INPUT DATA:
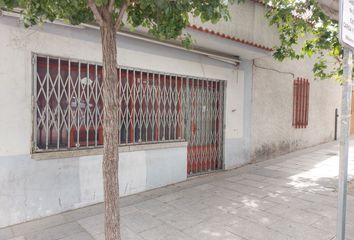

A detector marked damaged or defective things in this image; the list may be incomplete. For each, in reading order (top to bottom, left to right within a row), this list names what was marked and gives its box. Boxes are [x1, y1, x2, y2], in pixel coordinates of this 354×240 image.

rusty metal gate [31, 54, 224, 174]
rusty metal gate [184, 79, 225, 174]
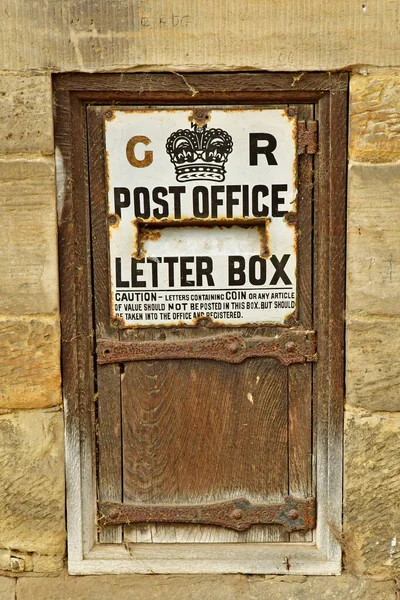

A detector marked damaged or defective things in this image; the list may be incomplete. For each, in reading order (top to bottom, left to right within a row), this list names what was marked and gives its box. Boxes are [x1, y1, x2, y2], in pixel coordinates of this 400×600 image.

rusty hinge [296, 120, 318, 155]
rusty hinge [96, 328, 316, 366]
rusty hinge [100, 494, 316, 532]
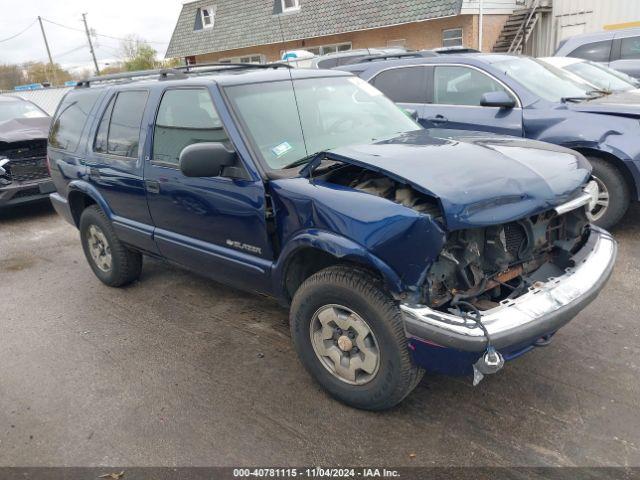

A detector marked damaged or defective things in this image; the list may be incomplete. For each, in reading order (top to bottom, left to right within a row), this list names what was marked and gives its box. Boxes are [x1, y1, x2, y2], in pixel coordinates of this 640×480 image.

crumpled hood [568, 89, 640, 117]
crumpled hood [0, 117, 50, 143]
crumpled hood [318, 129, 592, 231]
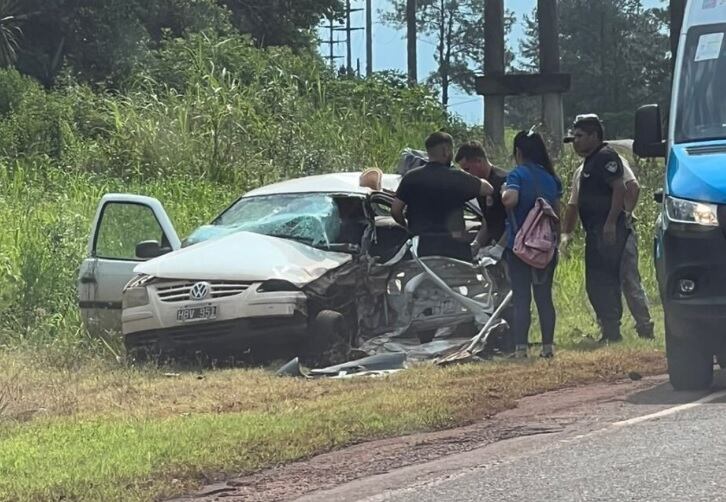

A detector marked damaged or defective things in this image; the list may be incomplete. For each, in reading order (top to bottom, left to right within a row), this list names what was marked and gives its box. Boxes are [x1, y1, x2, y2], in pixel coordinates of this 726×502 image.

shattered windshield [676, 25, 726, 143]
crumpled car hood [138, 230, 354, 286]
shattered windshield [185, 192, 366, 249]
wrecked white car [78, 172, 512, 360]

WHAT YOU SHOULD DO:
Quote verbatim every line starting at the line that contains "this 400×600 image." and ending with the last line of the records; omit all pictures.

EXPECTED OUTPUT:
A detector marked damaged or defective things in this image; the list may be incomplete. For each, in reading order (top to bottom, left to right within a row), this list names what was marked and gives its box. Boxes are [x1, y1, x2, y2], in pixel coordinates of this 400×600 image.

rusty hinge [296, 120, 318, 155]
rusty hinge [96, 328, 316, 366]
rusty hinge [100, 494, 316, 532]

A detector marked damaged or defective things in this image; the list may be incomplete. For each, in reading order (top to bottom, left to right within a row), this list names what was marked and gives its box. Boxes are [x1, y1, x2, y2], in pixel coordinates of this 640×480 image.

crumpled hood [568, 89, 640, 117]
crumpled hood [0, 117, 50, 143]
crumpled hood [318, 129, 592, 231]

A detector marked damaged or defective things in this image; the list may be incomplete. For each, in reading order (top to bottom, left to right within a row), this list names what was marked and gives its box. Boxes are [x1, y1, x2, y2], in pixel coordinates of this 726×502 image.

shattered windshield [676, 25, 726, 143]
crumpled car hood [138, 230, 354, 286]
shattered windshield [185, 192, 366, 249]
wrecked white car [78, 172, 512, 360]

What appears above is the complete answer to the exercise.